[WHAT NEEDS TO BE DONE] Pictures excluded, return every entry exactly, please.

═════ GIVEN INFORMATION

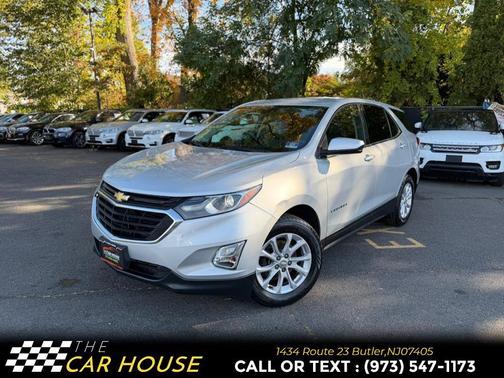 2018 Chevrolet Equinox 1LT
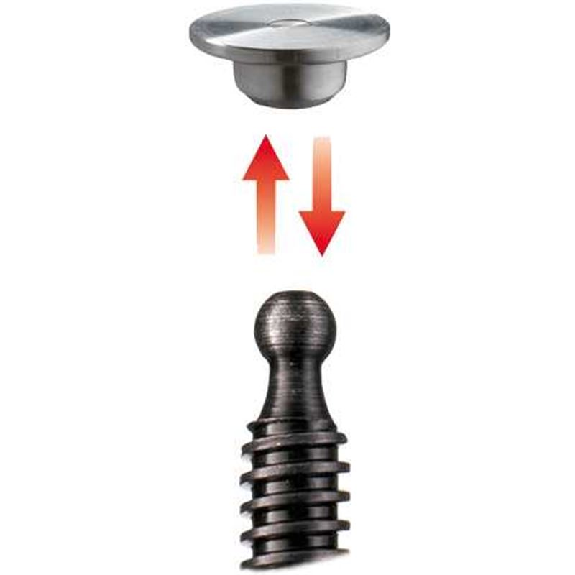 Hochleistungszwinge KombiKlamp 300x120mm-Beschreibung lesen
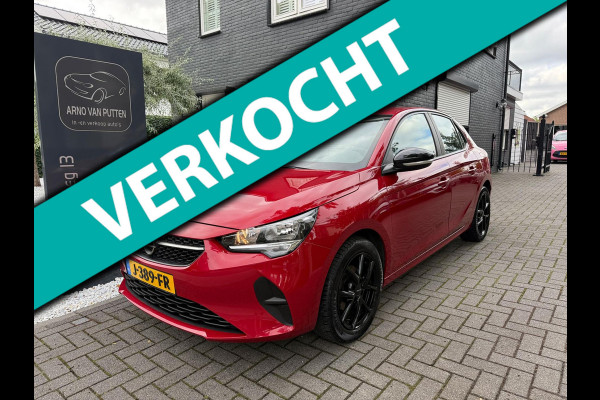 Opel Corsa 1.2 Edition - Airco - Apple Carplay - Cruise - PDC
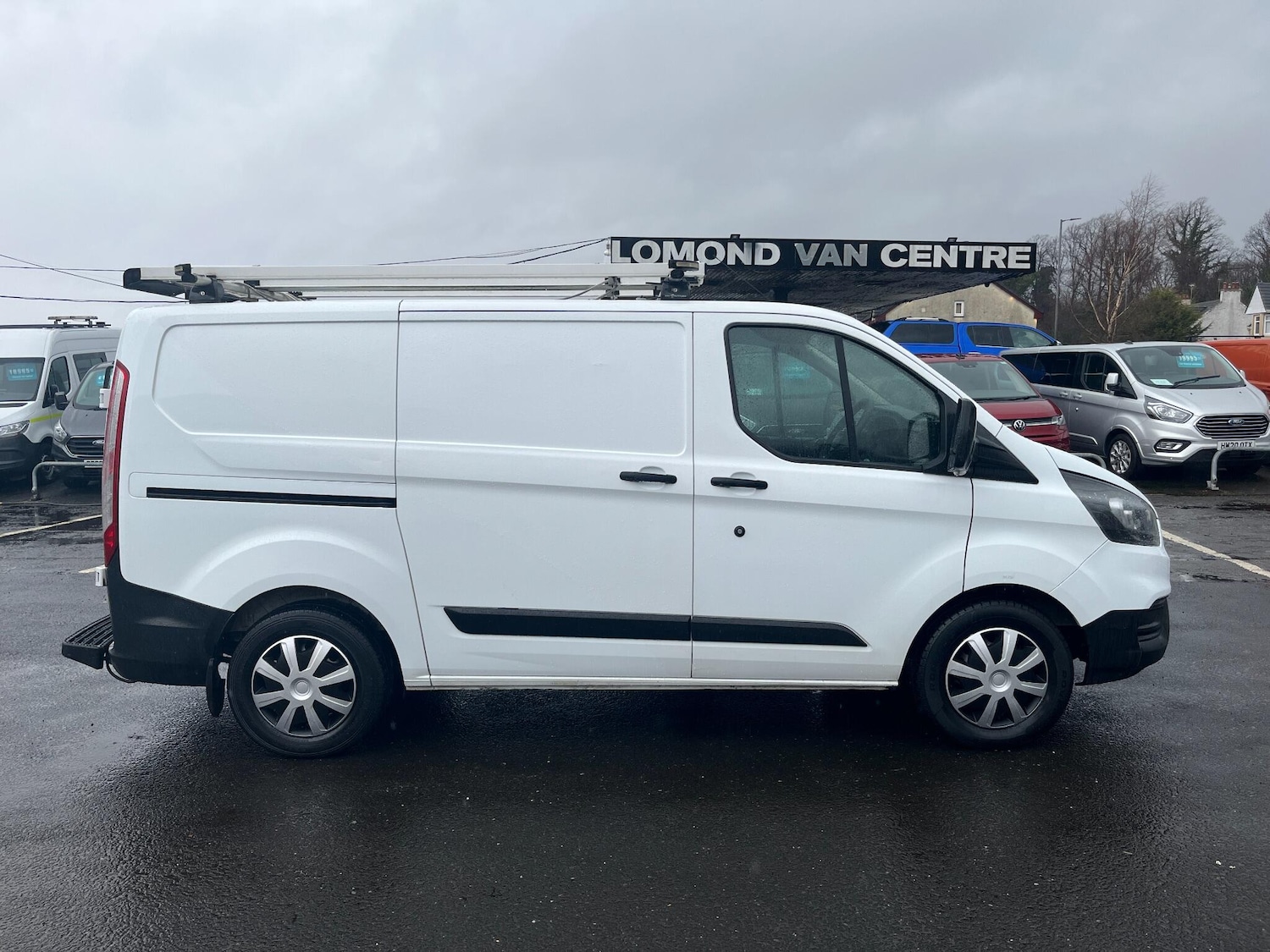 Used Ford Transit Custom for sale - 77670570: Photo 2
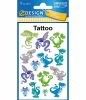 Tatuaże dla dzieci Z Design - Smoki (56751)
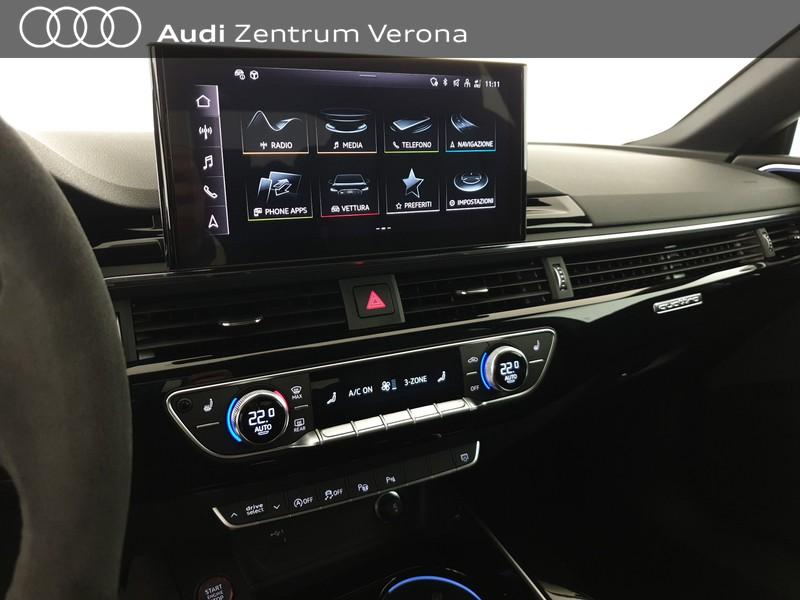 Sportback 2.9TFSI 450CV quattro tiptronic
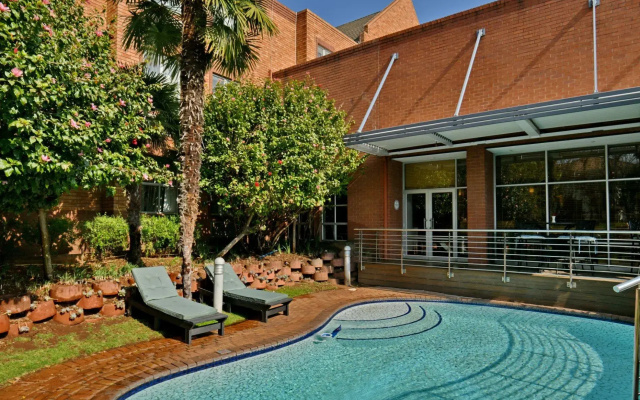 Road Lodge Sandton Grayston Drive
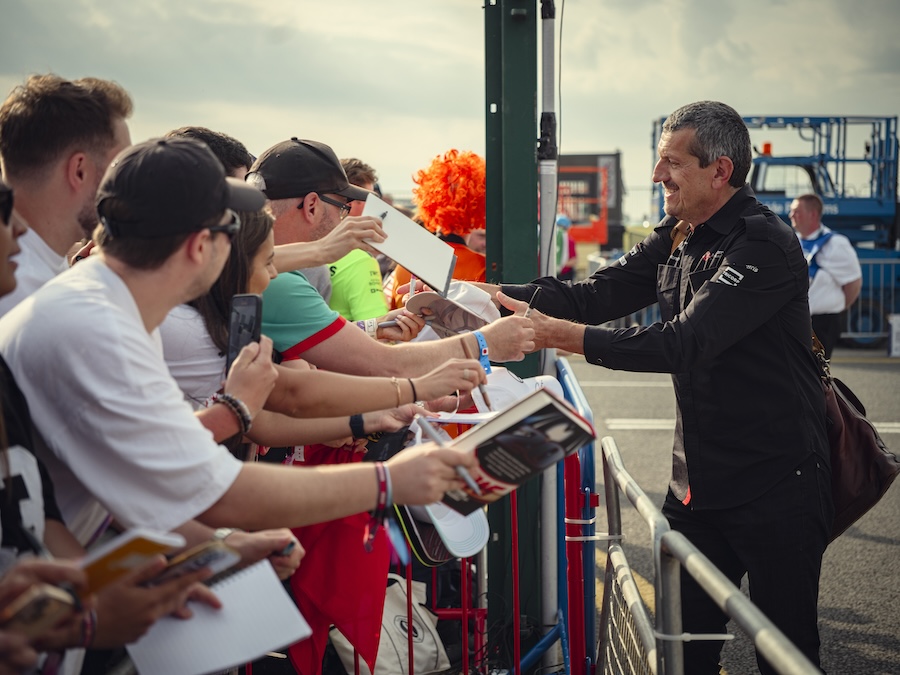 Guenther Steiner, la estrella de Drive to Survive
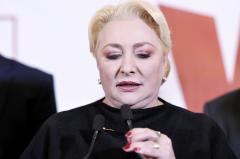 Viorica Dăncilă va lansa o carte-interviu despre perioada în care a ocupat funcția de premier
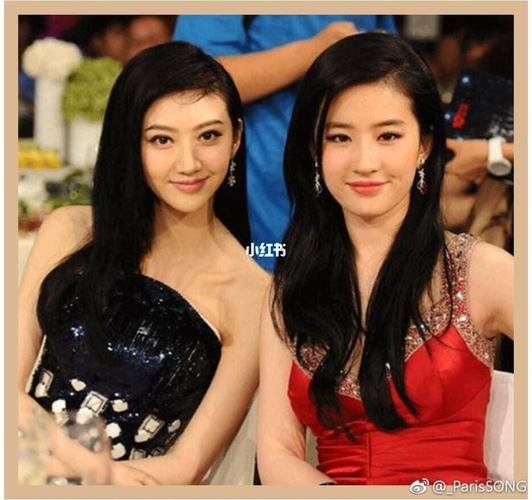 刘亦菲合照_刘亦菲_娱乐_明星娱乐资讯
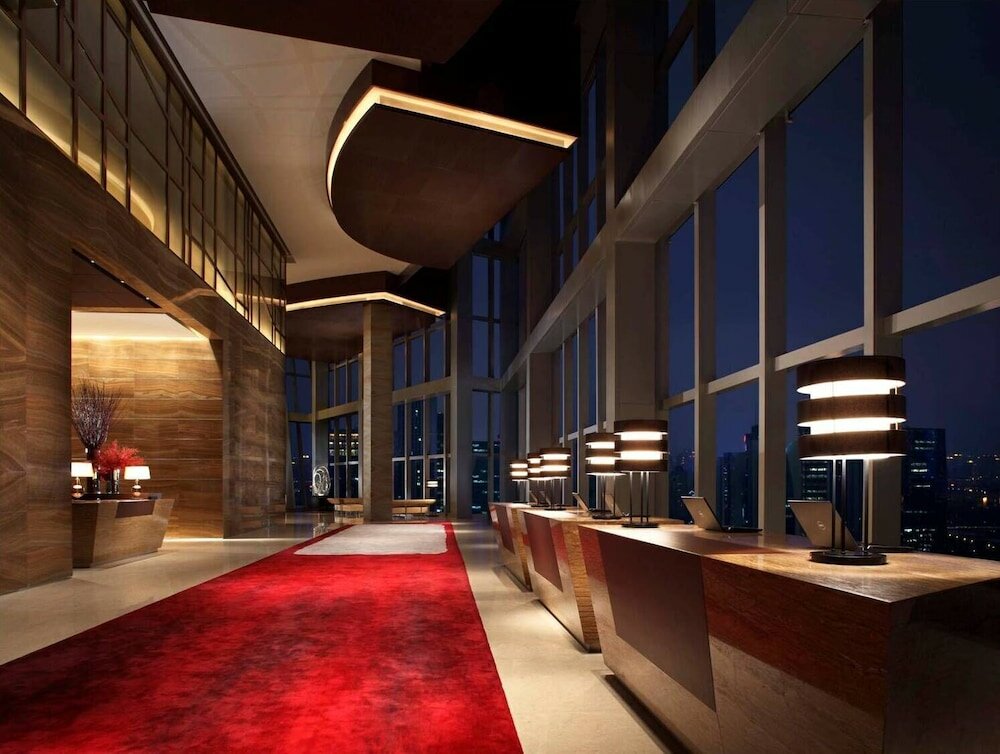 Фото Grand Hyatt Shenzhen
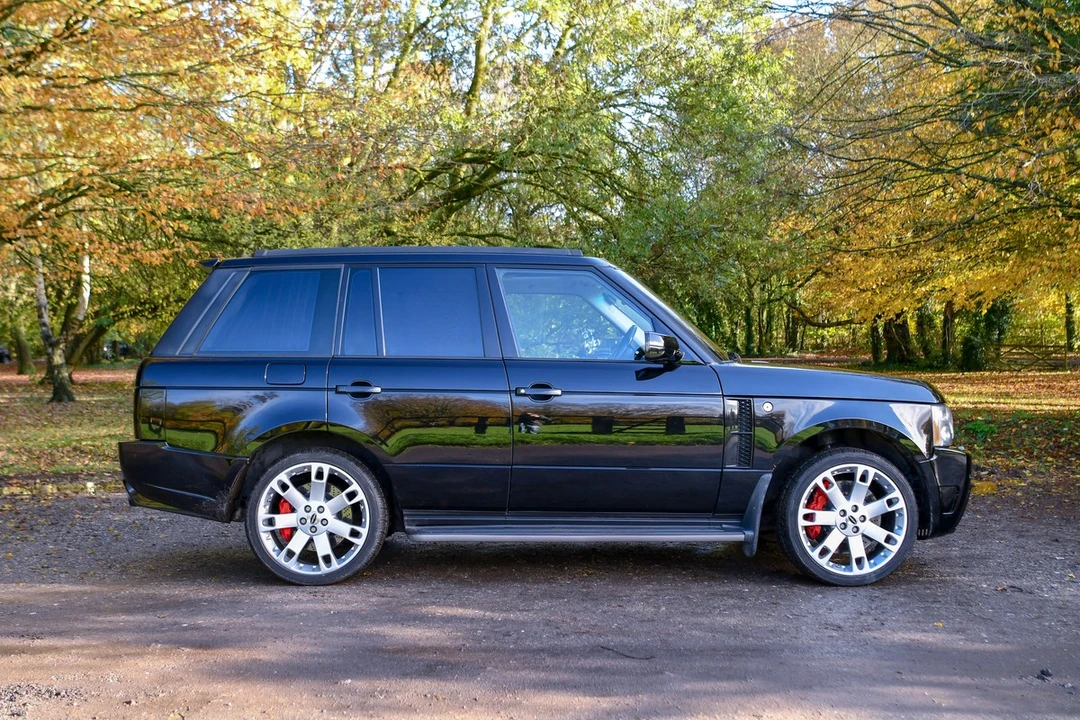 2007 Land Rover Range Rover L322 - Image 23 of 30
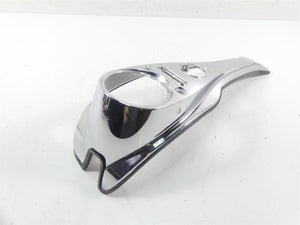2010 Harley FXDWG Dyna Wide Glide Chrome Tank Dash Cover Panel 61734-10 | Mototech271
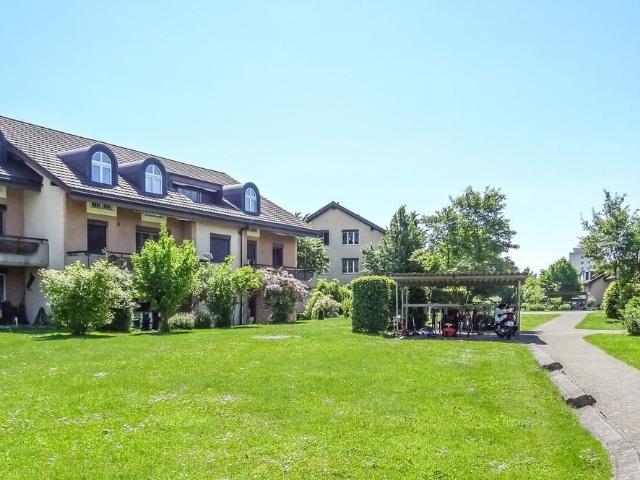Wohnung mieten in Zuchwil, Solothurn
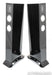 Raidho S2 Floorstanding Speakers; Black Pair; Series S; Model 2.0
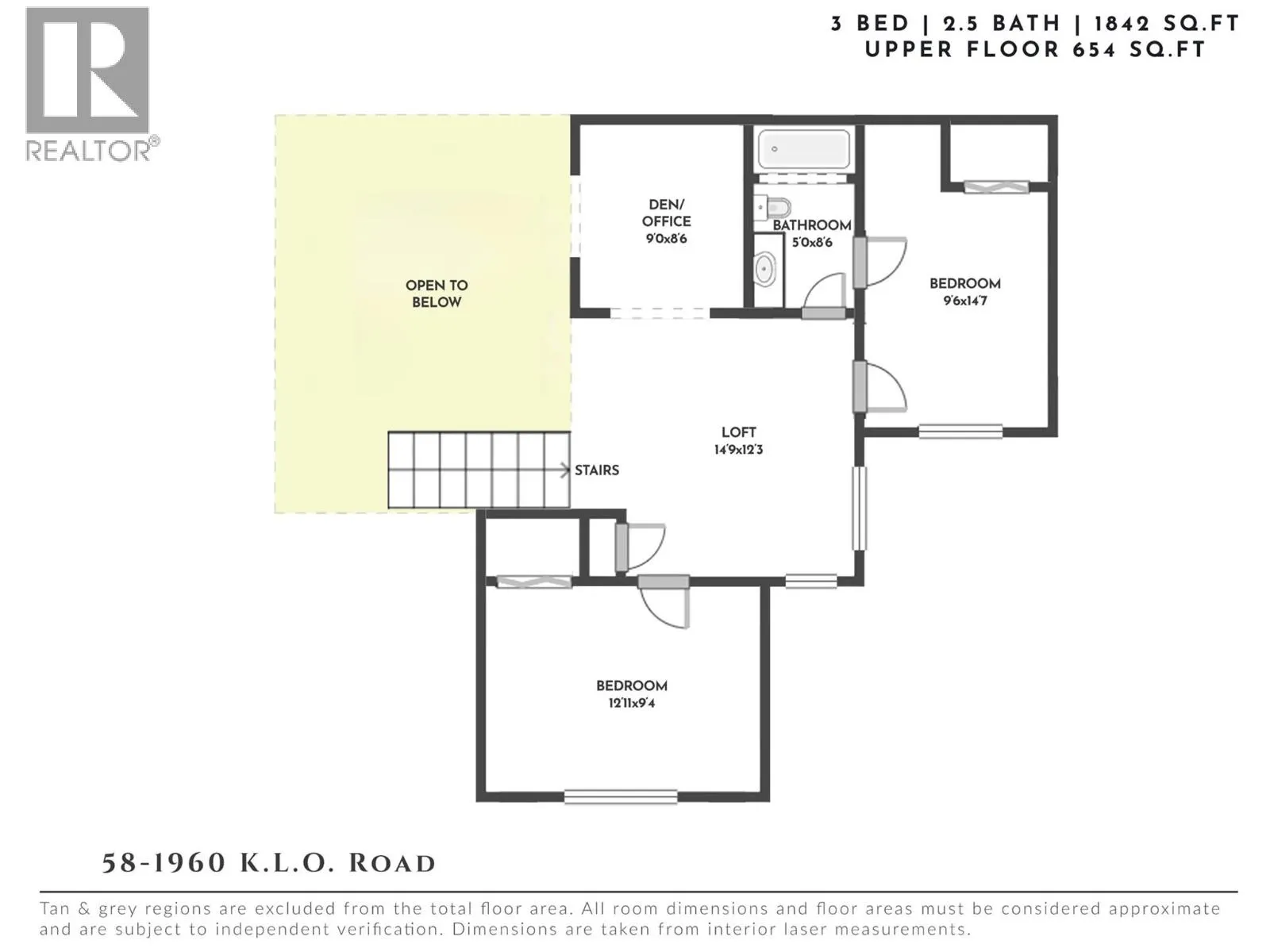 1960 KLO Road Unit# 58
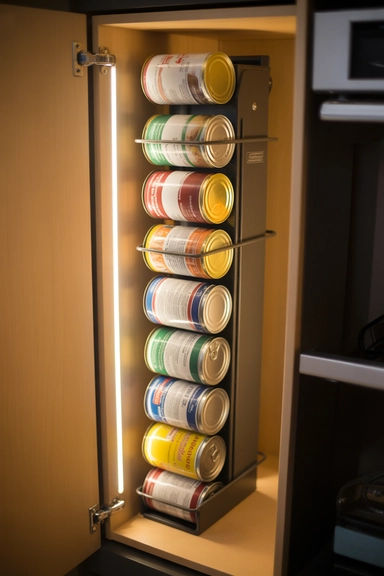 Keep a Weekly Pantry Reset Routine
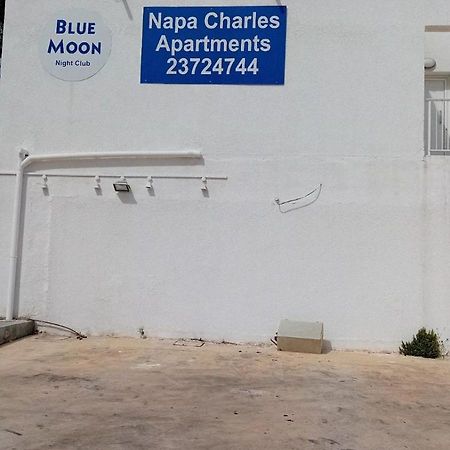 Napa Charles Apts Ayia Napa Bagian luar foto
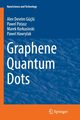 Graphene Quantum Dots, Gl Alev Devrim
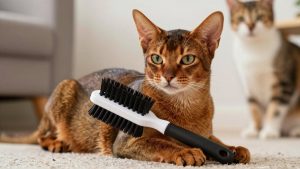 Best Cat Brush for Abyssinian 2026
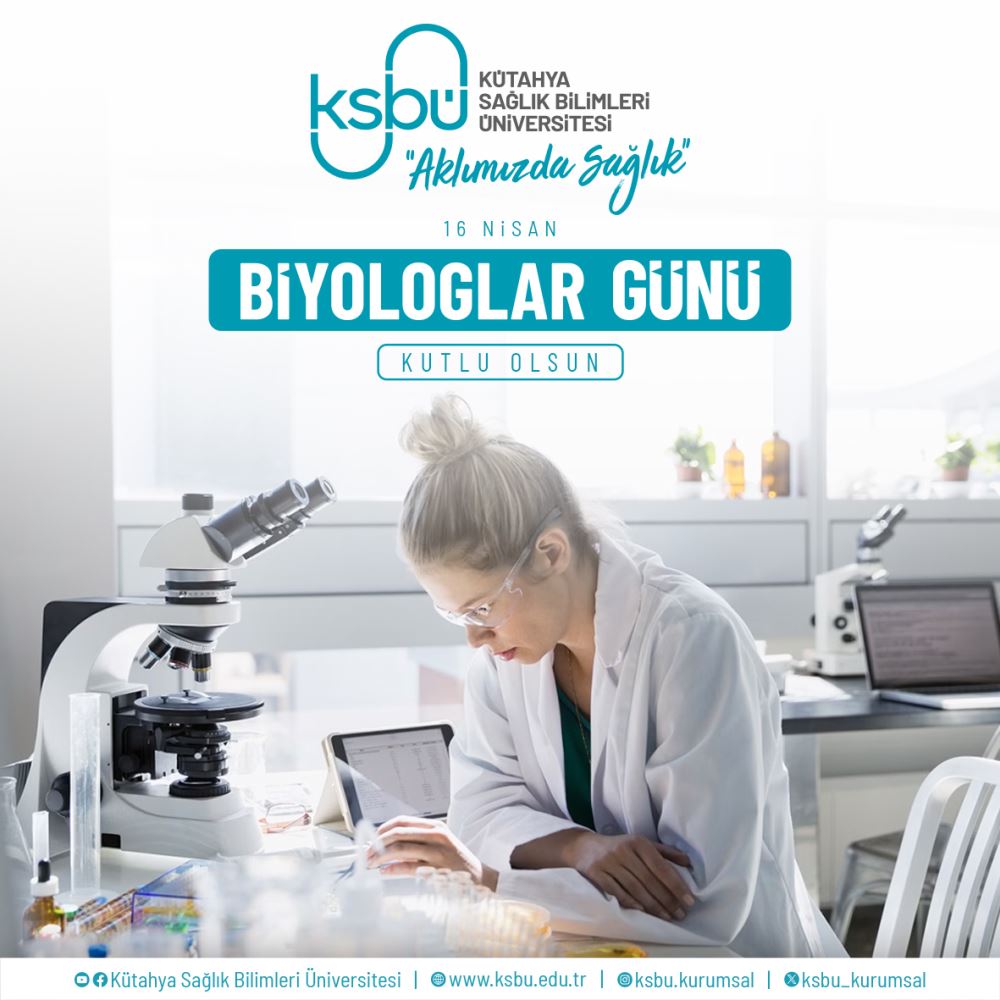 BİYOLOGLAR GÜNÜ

══════════

[OUTPUT BELOW]
 2018 Chevrolet Equinox 1LT
 Hochleistungszwinge KombiKlamp 300x120mm-Beschreibung lesen
 Opel Corsa 1.2 Edition - Airco - Apple Carplay - Cruise - PDC
 Used Ford Transit Custom for sale - 77670570: Photo 2
 Tatuaże dla dzieci Z Design - Smoki (56751)
 Sportback 2.9TFSI 450CV quattro tiptronic
 Road Lodge Sandton Grayston Drive
 Guenther Steiner, la estrella de Drive to Survive
 Viorica Dăncilă va lansa o carte-interviu despre perioada în care a ocupat funcția de premier
 刘亦菲合照_刘亦菲_娱乐_明星娱乐资讯
 Фото Grand Hyatt Shenzhen
 2007 Land Rover Range Rover L322 - Image 23 of 30
2010 Harley FXDWG Dyna Wide Glide Chrome Tank Dash Cover Panel 61734-10 | Mototech271
Wohnung mieten in Zuchwil, Solothurn
 Raidho S2 Floorstanding Speakers; Black Pair; Series S; Model 2.0
 1960 KLO Road Unit# 58
 Keep a Weekly Pantry Reset Routine
 Napa Charles Apts Ayia Napa Bagian luar foto
 Graphene Quantum Dots, Gl Alev Devrim
 Best Cat Brush for Abyssinian 2026
 BİYOLOGLAR GÜNÜ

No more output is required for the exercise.